Task description ::
Transcribe all records exactly; omit pictures.

Given entries below:

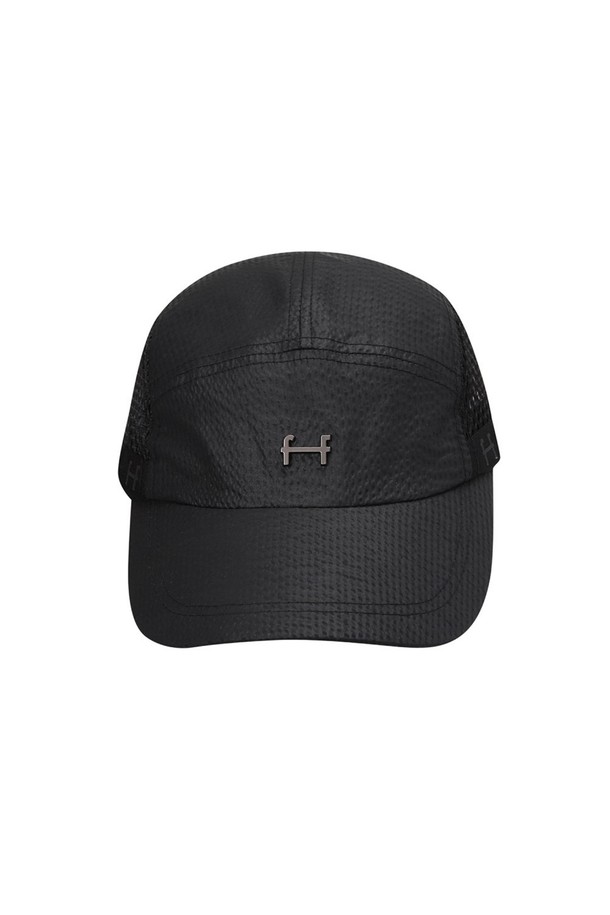 유니 메쉬 캡 (블랙)_5LG7411은 시어서커 원단의 은은한 광택이 돋보이는 유니섹스 메쉬캡입니다. 통기성이 뛰어난 사이드 메쉬 소재와 5패널 구조로 제작되어 쾌적한 착용감을 선사합니다. 모자 깊이 8.5cm, 챙 넓이 8cm로, 일상 및 캐주얼 스타일에 활용하기 좋습니다. 여행룩, 휴가룩과 같은 TPO에 어울리며, 미니멀하고 리조트한 스타일을 연출할 수 있습니다. 블랙 컬러로 어떤 옷에도 잘 어울려 데일리 아이템으로 손색없습니다.
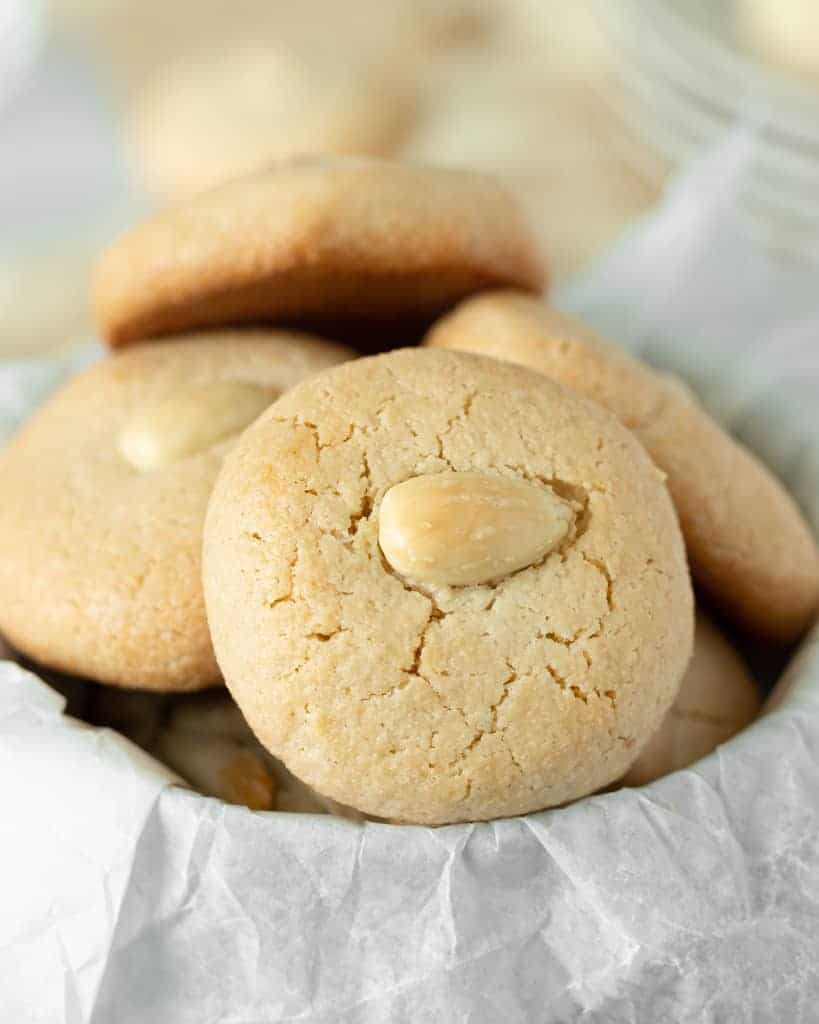 Greek Chewy Almond Cookies – Amygdalota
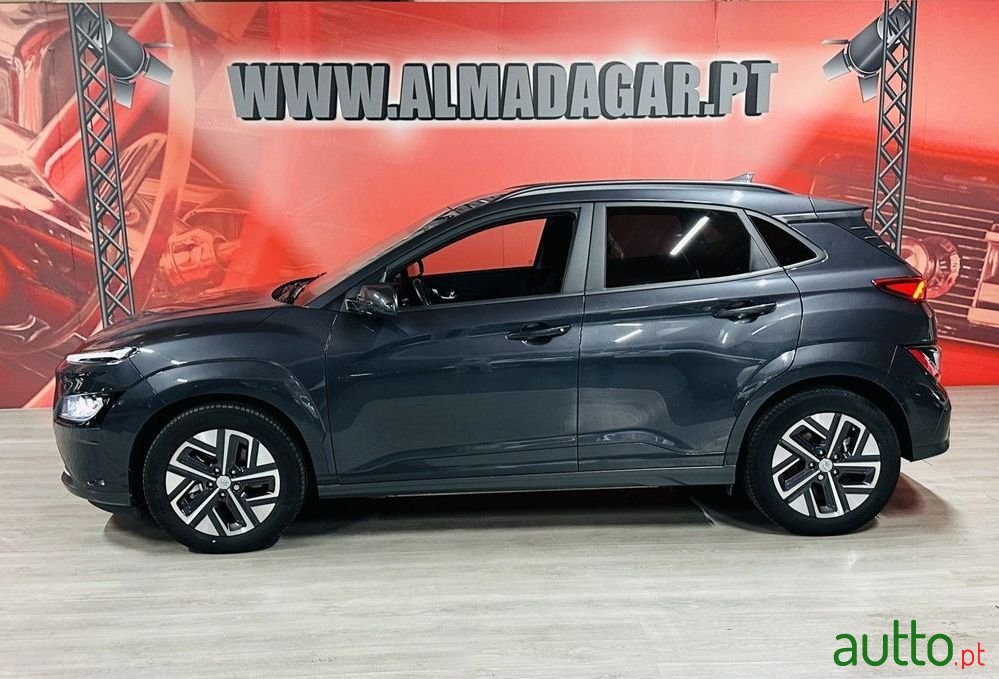 2022' Hyundai Kauai photo #2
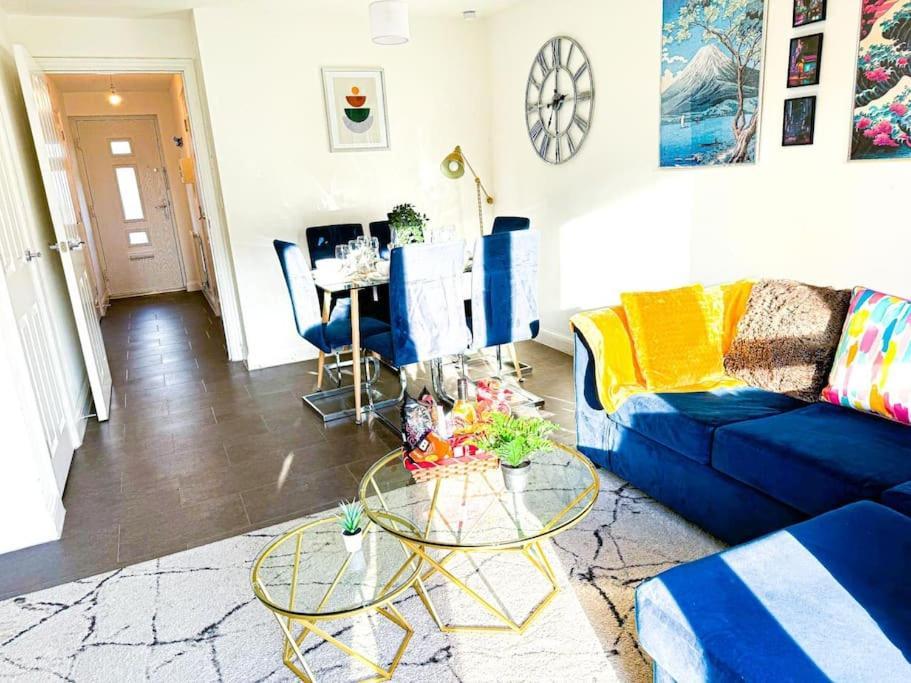 Birmingham Family Home: Spacious 3BR with Garden and Pet-Friendly Exterior photo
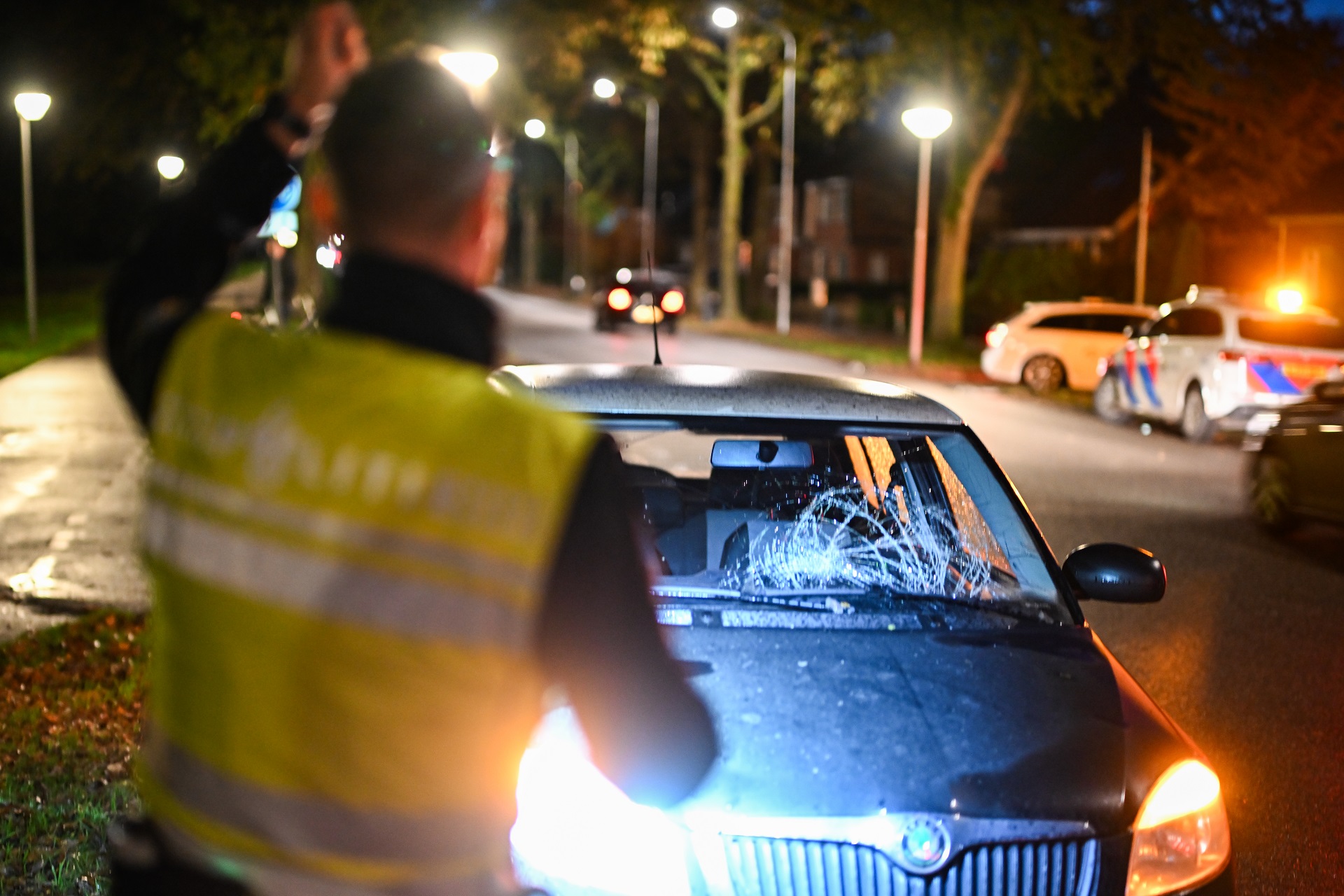 Fietser geschept door auto en raakte lichtgewond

End of Given entries.

Exercise result ::
 유니 메쉬 캡 (블랙)_5LG7411은 시어서커 원단의 은은한 광택이 돋보이는 유니섹스 메쉬캡입니다. 통기성이 뛰어난 사이드 메쉬 소재와 5패널 구조로 제작되어 쾌적한 착용감을 선사합니다. 모자 깊이 8.5cm, 챙 넓이 8cm로, 일상 및 캐주얼 스타일에 활용하기 좋습니다. 여행룩, 휴가룩과 같은 TPO에 어울리며, 미니멀하고 리조트한 스타일을 연출할 수 있습니다. 블랙 컬러로 어떤 옷에도 잘 어울려 데일리 아이템으로 손색없습니다.
 Greek Chewy Almond Cookies – Amygdalota
 2022' Hyundai Kauai photo #2
 Birmingham Family Home: Spacious 3BR with Garden and Pet-Friendly Exterior photo
 Fietser geschept door auto en raakte lichtgewond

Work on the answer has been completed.